The revenge tragedy might not be the highest art form but with its Grand Guignol bloodlust and tongue in cheek comedy, it was the seventeenth century's equivalent to today's horror movie.
Designer Philip Whitcomb excels using a narrow traverse, which ensures that the production is intimate and all too often voyeuristic. His costumes are modern but with a period feel, none more so that the sexy red velvet frock sported by the unfaithful anti-heroine Vittoria Corombona.
The plot on these occasions is of only mild relevance to proceedings, here centring on a high profile, illicit affair that leads to murder on a massive scale.
Clare Price plays Vittoria, a beautiful, blonde wife who has already found her husband wanting before her brother Flamineo, the White Devil himself, introduces her to his lustful master, the Duke of Bracciano (Darrell D'Silva). The pair are instantly besotted and their passion is magnified by the staging, as we can almost feel the heat that they generate.
Aidan McArdle makes an effete Flamineo with painted nails, make-up and a brooch. He is an evil schemer who knows how to help his master but above all, serves his own desires.
In no time, Claire Cox and John Dougall as the respective spouses, have met bloodcurdlingly horrible deaths in a play where the writer has gone to considerable trouble to think up novel murders, peaking with poisonings using a portrait and a Darth Vader mask and Flamineo's kinky, gender bending ending.
The much shorter post-interval session is one long blood bath, as revenge is meted out on the perpetrators of crimes then on revengers and revengers' revengers.
As is supposed to happen in this genre, almost everyone whom we have seen has been finished off by the final curtain with the exception of Christopher Godwin's powerless Pope and Sandra Voe in the role of the mother of Vittoria and Flamineo.
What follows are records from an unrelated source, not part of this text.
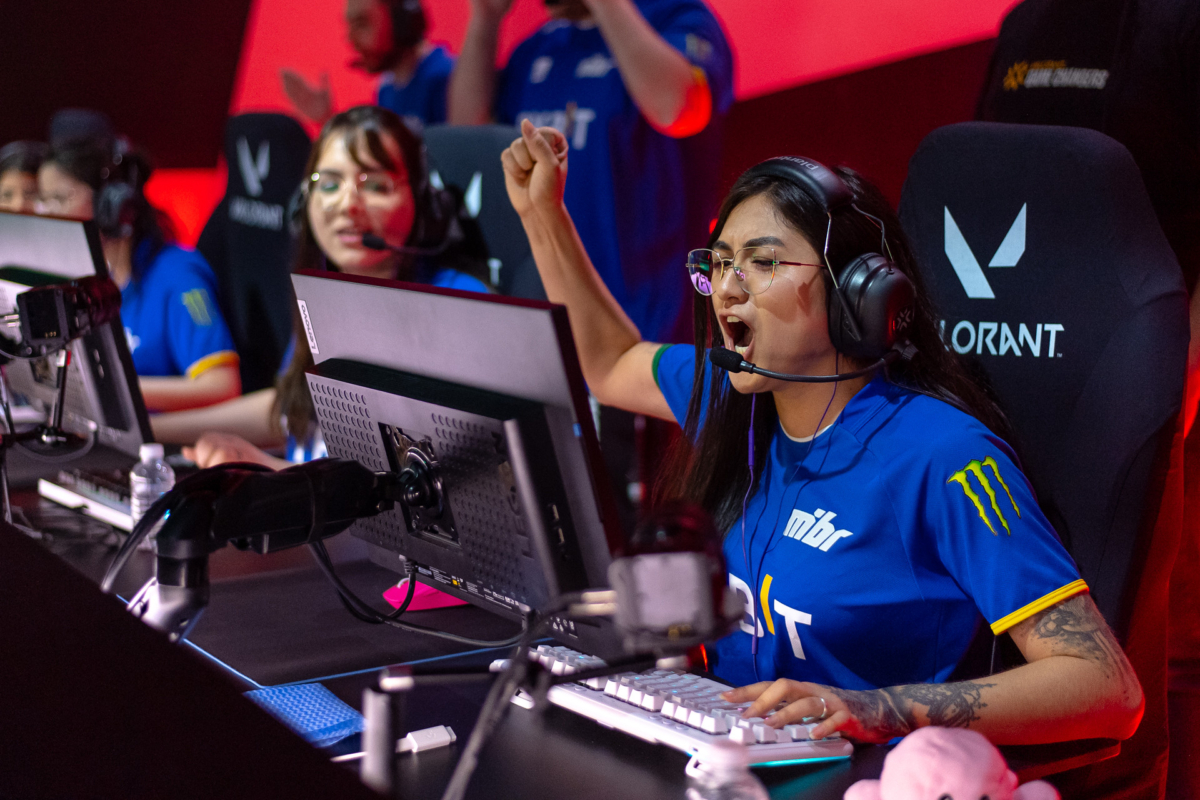 pan hoje na Project Z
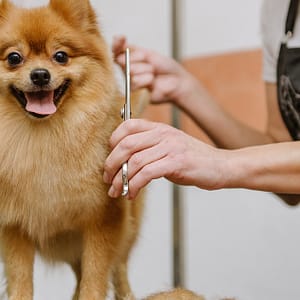 Basic Tidy Up & Full Royal Grooming For Dogs & Cats PETS Shop Online at Special Price from Dubai Trades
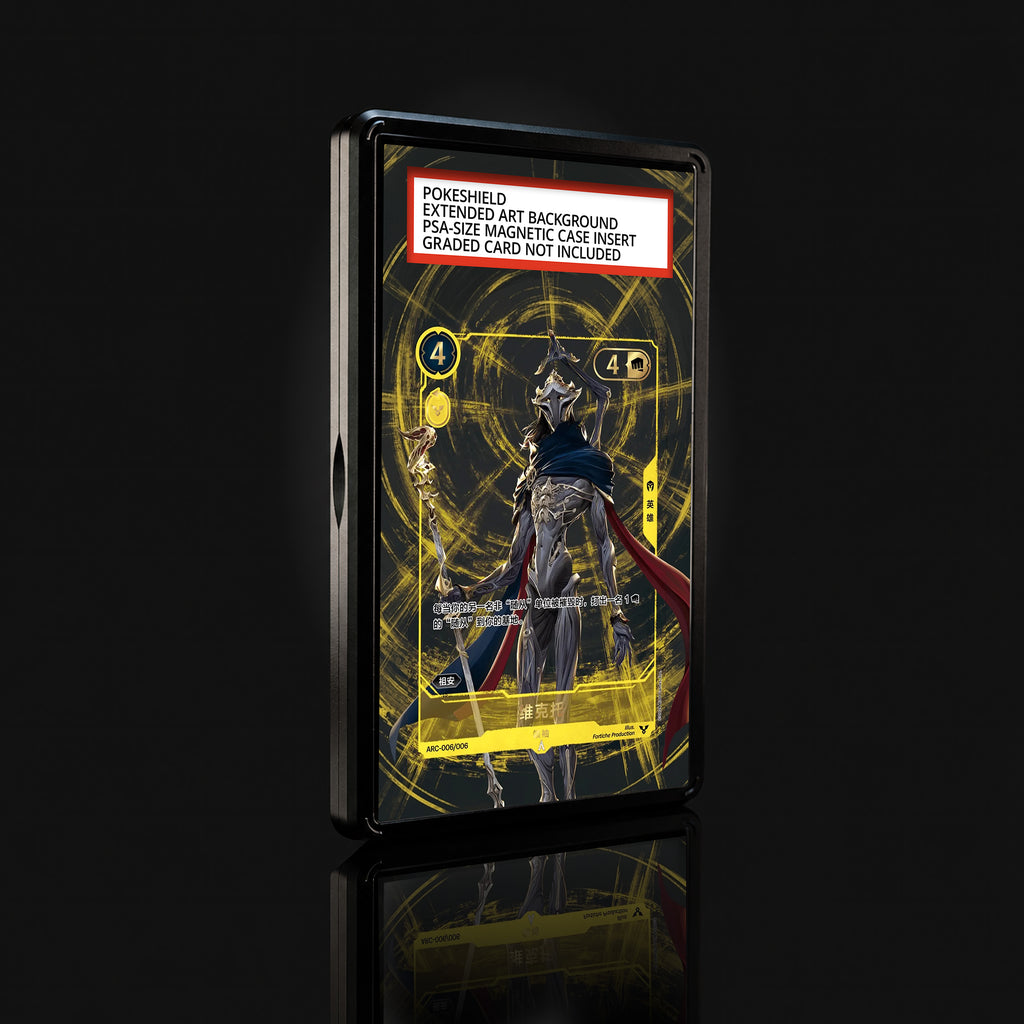 Viktor Leader ARC-006/006 Extended Art Display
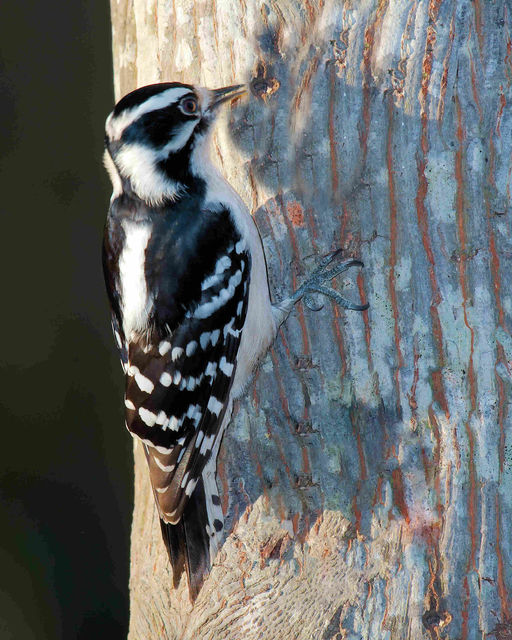 Downy Woodpecker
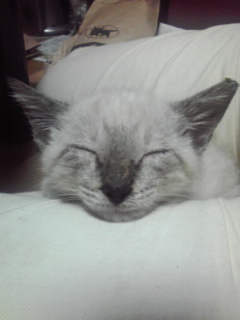 10135hiro's profile picture. ライヴと酒を楽しむおっちゃん。
仲間と一緒なら尚最高😆
酒部部員No.?  
響き屋奔町(休止中)・元残月ノ刃・新恋史塾(旧梅下村塾)塾生＆SHKローラン＆奏手候、亜寡町(あかまち)組合組合員🤣
「ゆっくりのんびりマイペース」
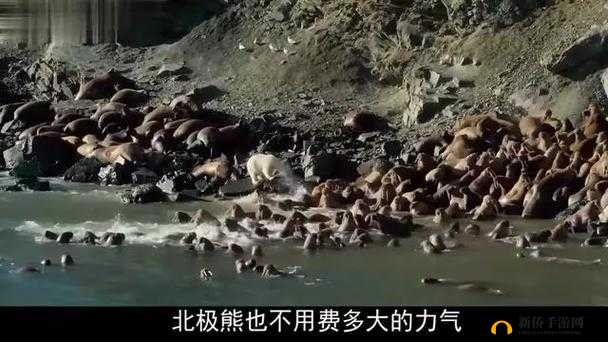 她开始拒绝慢迎迎合：为何？背后的原因令人深思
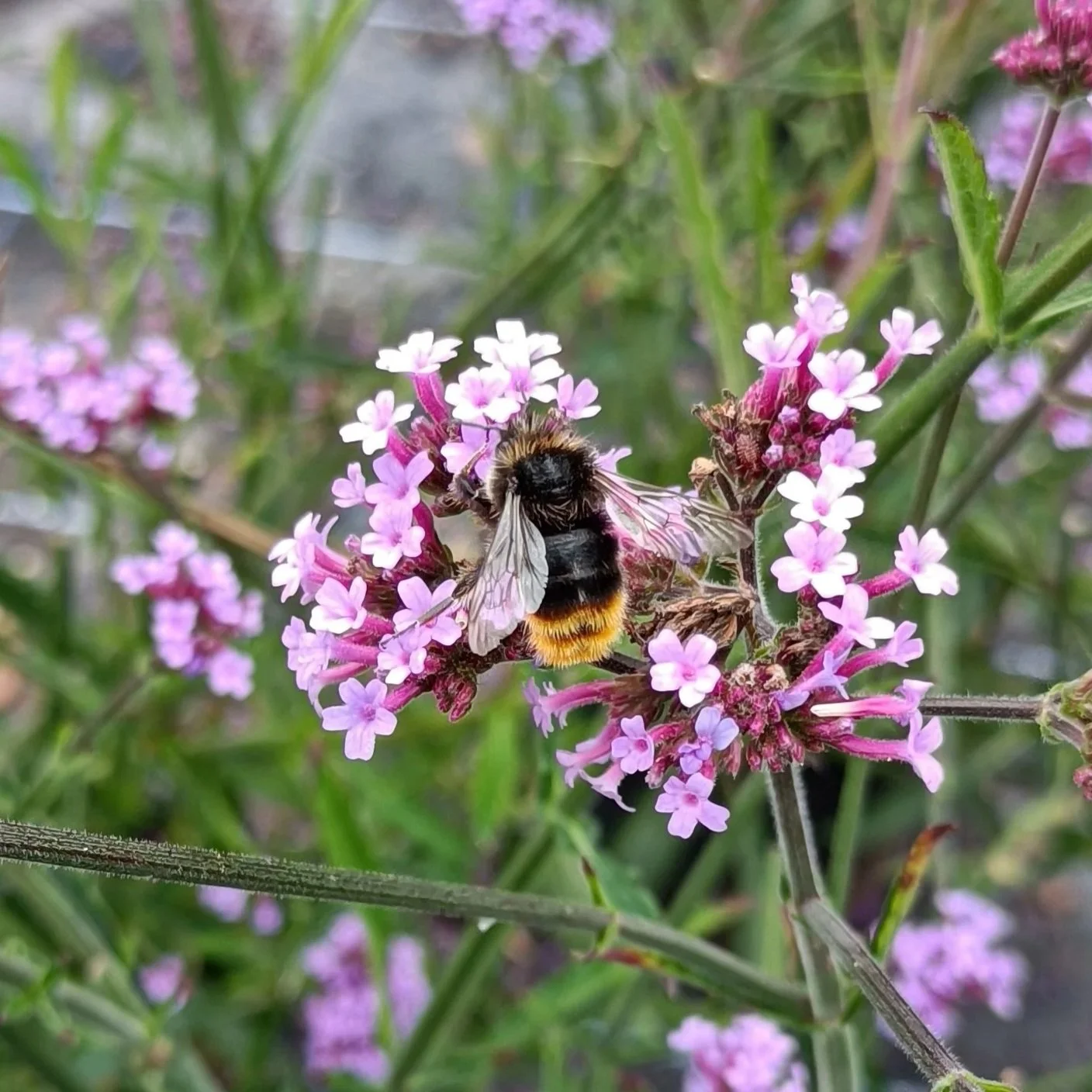 Verbena bonariensis Lollipop - 2Ltr Pots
Even she was last seen having a mad moment lifted straight from Ophelia's in Hamlet.
Webster had done such a thorough job that the only people this gory bloodbath left to pick up the pieces and lead Padua into a bright future were the Duke's son and the cleaner (literally).
For 2¾ hours, Jonathan Munby and his fine cast, with Aidan McArdle (slyness personified) and Claire Price (especially strong defending honour in a trial scene) the pick, grip the attention in an evening that is both visually stunning and highly entertaining.
It might be some time before The White Devil is seen again, so don't miss out.